The 3 big problems with soda are the amounts of caffeine, sugar and calories.

Caffeine: A 12-ounce cup of soda has between 30 to 50 mg of caffeine, depending on the type of soda. According to the Mayo Clinic, an adolescent should consume no more than 100 mg of caffeine daily. But that’s not to say you should use up your daily caffeine intake on soda. Tea is a much healthier option.

Sugar: Soda is another word for sugar. With high fructose corn syrup as its main ingredient and added sugar to top it off, a 12-ounce cup of soda contains about 10 teaspoons of sugar, much more than our recommended daily value of 6 teaspoons for women and 9 for men. (I know, it’s not fair!)

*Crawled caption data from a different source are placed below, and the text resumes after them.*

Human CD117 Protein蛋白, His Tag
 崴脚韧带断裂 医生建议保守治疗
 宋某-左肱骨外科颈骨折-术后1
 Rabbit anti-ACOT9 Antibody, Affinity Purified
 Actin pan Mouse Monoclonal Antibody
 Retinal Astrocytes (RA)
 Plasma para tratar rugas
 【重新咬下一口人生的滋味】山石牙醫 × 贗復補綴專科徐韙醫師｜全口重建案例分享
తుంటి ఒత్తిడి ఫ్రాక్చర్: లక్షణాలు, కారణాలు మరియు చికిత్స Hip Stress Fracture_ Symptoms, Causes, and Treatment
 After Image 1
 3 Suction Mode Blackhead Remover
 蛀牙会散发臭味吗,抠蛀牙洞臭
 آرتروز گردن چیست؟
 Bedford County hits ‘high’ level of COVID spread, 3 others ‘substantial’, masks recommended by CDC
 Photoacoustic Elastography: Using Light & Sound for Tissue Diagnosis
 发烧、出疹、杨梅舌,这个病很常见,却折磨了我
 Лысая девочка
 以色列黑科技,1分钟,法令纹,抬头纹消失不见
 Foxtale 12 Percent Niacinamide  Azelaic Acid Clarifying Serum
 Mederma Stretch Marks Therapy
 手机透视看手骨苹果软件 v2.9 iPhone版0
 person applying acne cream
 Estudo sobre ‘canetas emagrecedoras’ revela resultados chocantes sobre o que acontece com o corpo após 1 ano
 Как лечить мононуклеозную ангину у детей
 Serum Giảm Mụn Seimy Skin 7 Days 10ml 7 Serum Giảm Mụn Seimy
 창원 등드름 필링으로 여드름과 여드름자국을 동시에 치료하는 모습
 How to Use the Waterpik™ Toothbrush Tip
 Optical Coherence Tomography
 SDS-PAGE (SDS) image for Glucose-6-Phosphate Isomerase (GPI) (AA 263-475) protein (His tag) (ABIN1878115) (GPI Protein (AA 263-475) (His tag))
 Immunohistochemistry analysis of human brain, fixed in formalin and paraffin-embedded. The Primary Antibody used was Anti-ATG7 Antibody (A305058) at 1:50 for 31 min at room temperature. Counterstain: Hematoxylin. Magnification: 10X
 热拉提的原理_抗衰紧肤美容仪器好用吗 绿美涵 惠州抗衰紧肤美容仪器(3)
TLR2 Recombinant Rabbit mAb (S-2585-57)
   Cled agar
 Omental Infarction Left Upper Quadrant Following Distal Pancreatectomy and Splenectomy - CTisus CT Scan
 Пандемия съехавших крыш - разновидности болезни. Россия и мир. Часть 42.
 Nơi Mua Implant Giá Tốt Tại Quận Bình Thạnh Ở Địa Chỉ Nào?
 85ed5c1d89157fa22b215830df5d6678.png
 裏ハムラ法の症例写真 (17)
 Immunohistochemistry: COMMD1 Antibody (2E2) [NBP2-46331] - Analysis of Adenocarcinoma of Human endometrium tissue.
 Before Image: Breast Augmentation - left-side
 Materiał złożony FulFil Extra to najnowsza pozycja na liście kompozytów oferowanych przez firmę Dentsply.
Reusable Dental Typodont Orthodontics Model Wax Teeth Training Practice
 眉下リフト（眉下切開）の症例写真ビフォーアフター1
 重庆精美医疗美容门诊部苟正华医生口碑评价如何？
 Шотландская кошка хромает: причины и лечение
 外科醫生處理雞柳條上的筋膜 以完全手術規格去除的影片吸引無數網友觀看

Calories: When drinking soda, the calories add up quickly. With drinks, our body does not realize that it’s full as fast as when we consume solids. Therefore, we tend to drink more, racking up the calorie count!

I don’t remember the last time I had a cup of soda; it’s simply because I don’t like it. (The bubbly-ness gets to me.) When I was in middle school, my mother decided to make our refrigerator soda-free. Although the rest of my family still liked soda, by eliminating it in our house, it significantly reduced the consumption of soda. Because soda is no longer served in most schools, soda became a drink only for parties and other such occasions.

Instead of soda, stocking your refrigerator with milk, water and 100% whole fruit juices will get you on the path to a healthier you!